The Leeds-based group said the UK order book, which only includes fully secured projects, rose 15 per cent over the past six months.
Chairman Mike McTighe told shareholders at the group’s AGM: “Not only is our order book increasing, it is also growing at a faster rate.
“This reflects an improving bid to win ratio on long term frameworks and the increasing flow of work from major public and private sector clients.
“The relatively short term nature of a large proportion of our UK order book means that work translates into revenue more quickly than in other regions, which gives us good near term visibility.”
The group said pre-tax full year profits are expected to be in line with recent market guidance.
The firm said the delay in the ramp up in the EU funding cycle has been well-documented.
“However, as the period has progressed a large proportion of our EU-related pipeline has converted into firm project wins, such that at the half year our international businesses have delivered an even greater increase in order intake than in the UK, up more than 20 per cent on the figure reported in March,” said Mr McTighe.

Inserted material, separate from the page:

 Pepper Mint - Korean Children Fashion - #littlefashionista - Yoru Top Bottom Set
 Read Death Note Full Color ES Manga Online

“A meaningful proportion of these wins represent multi-year projects that will drive performance as we go into the second half of the year and for several years beyond.”

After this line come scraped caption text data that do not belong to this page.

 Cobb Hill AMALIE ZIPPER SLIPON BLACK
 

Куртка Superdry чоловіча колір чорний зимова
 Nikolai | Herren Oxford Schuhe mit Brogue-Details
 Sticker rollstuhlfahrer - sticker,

The group said that as a consequence of the delayed ramp up in EU funding, both revenue and adjusted profits at the half year will be broadly unchanged from last year.

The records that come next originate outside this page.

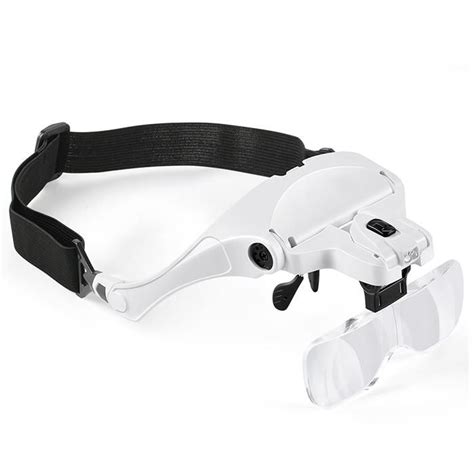 Visionaid™ Magnifying Glasses With Led Light Headband 5 Lenses In 2021 Magnifier Led Lights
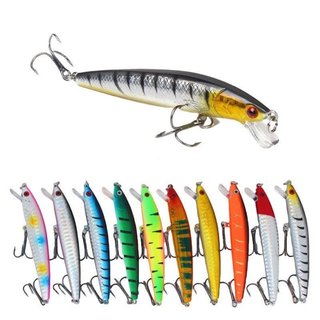 Kit 5/10 Iscas Artificiais Importadas 1/2 Meia Água de 9 cms e 8,5 gramas Pesca Tucunaré Traíra Dourado Robalo Black Bas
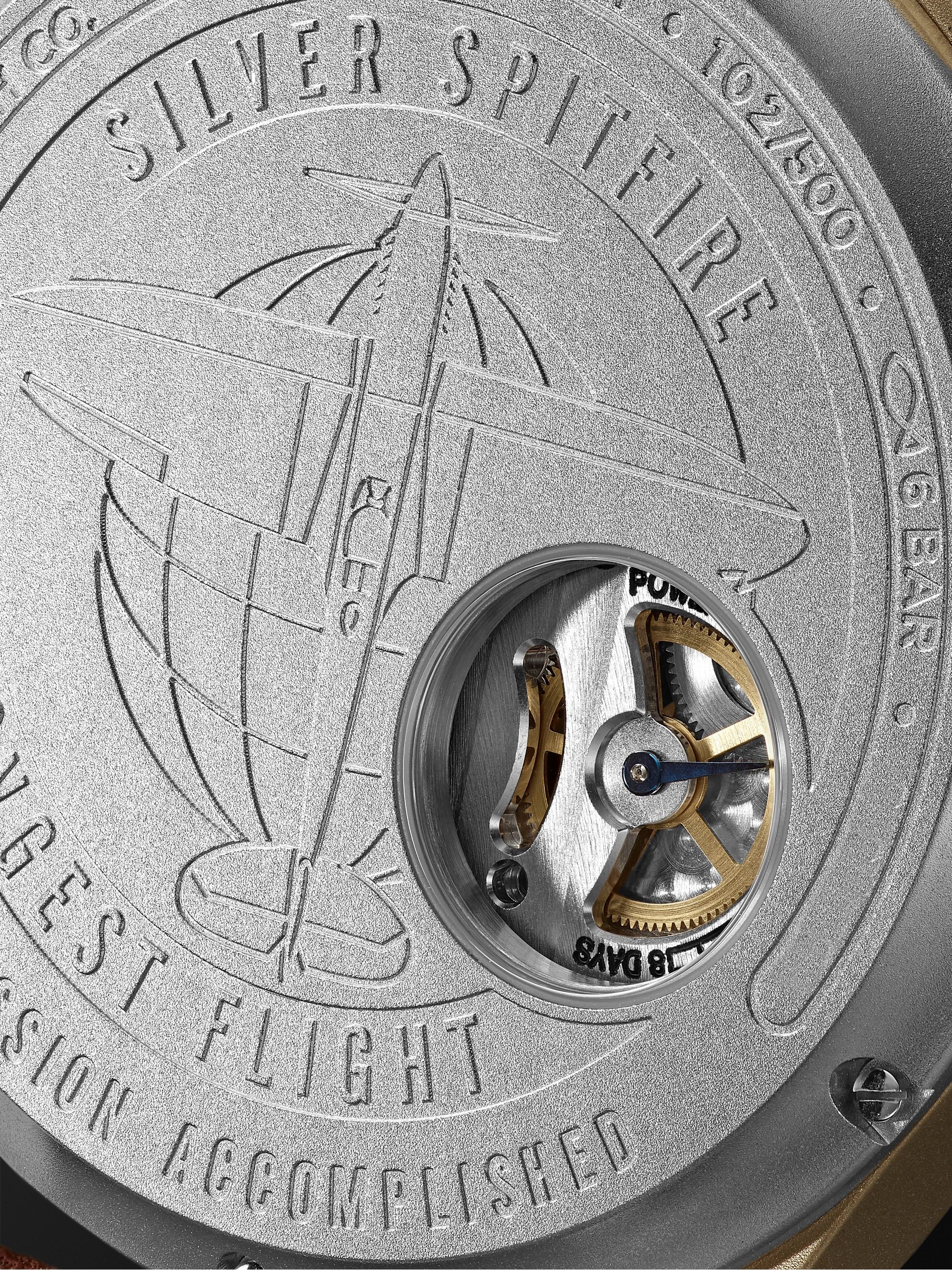 IWC SCHAFFHAUSEN Big Pilot's Big Date Spitfire ‘Mission Accomplished’ Limited Edition Hand-Wound 46.2mm Bronze and Leather Watch, Ref. No. IW510506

“However, with exceptionally high order coverage in place, we anticipate posting strong growth during the second half resulting in a full year outcome in line with our expectations,” said Mr McTighe.
“We continue to review a pipeline of acquisition opportunities and we expect some of these to progress, although the timing is hard to predict.“
Earlier this year the group put in place a new £25m five-year committed facility with HSBC.
“The flexibility that this facility has given will enable the group to pursue such acquisitions and support growth in its core activities,” said Mr McTighe.